Notice of Pre-AIA  or AIA  Status
The present application, filed on or after March 16, 2013, is being examined under the first inventor to file provisions of the AIA .

DETAILED ACTION

Claim Rejections - 35 USC § 101
Applicant’s amendment of claim 20 to recite a non-transitory computer readable medium suffices to obviate 35 U.S.C. 101 rejection of the claim.
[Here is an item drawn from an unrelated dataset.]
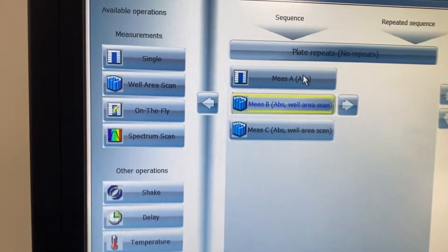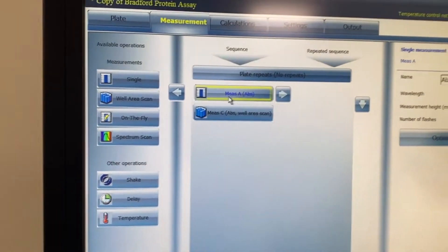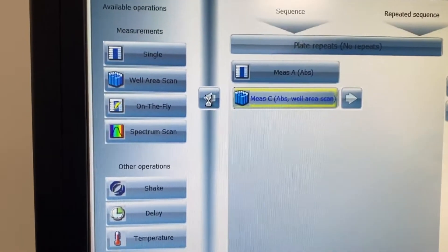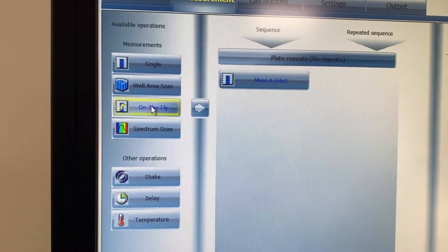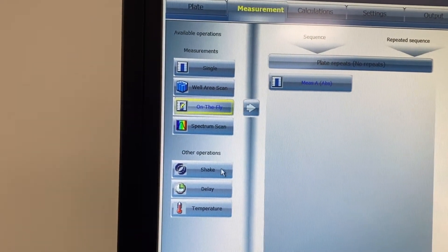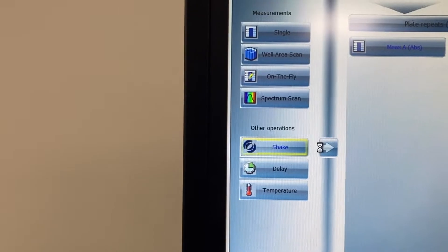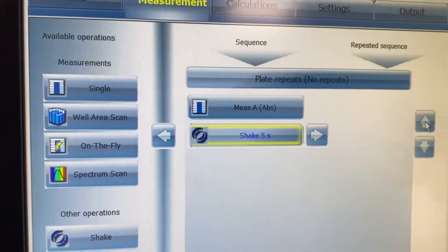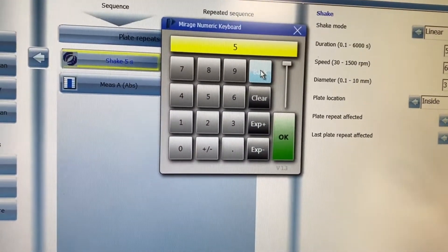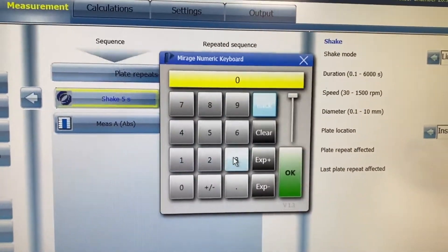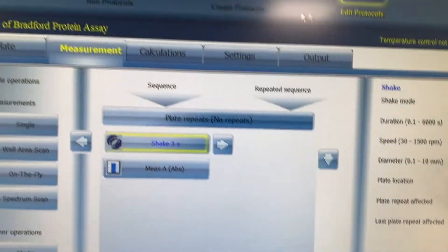So now you can see it's got absorbance and a well scan — but if you don't want it, you can just get rid of it. If it's not a single measurement, you can pick whatever measurement type you need, maybe a spectrum scan on the fly. To accept, just press the arrow. You can also add other components: a delay, a temperature requirement, or a shake. If I want it to shake just before it reads, I can bring that in, move it up before the read, and specify how long — say three seconds — and then it reads.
Claim Rejections - 35 USC § 103

In the event the determination of the status of the application as subject to AIA  35 U.S.C. 102 and 103 (or as subject to pre-AIA  35 U.S.C. 102 and 103) is incorrect, any correction of the statutory basis for the rejection will not be considered a new ground of rejection if the prior art relied upon, and the rationale supporting the rejection, would be the same under either status.  
The following is a quotation of 35 U.S.C. 103 which forms the basis for all obviousness rejections set forth in this Office action:
A patent for a claimed invention may not be obtained, notwithstanding that the claimed invention is not identically disclosed as set forth in section 102 of this title, if the differences between the claimed invention and the prior art are such that the claimed invention as a whole would have been obvious before the effective filing date of the claimed invention to a person having ordinary skill in the art to which the claimed invention pertains.  Patentability shall not be negated by the manner in which the invention was made.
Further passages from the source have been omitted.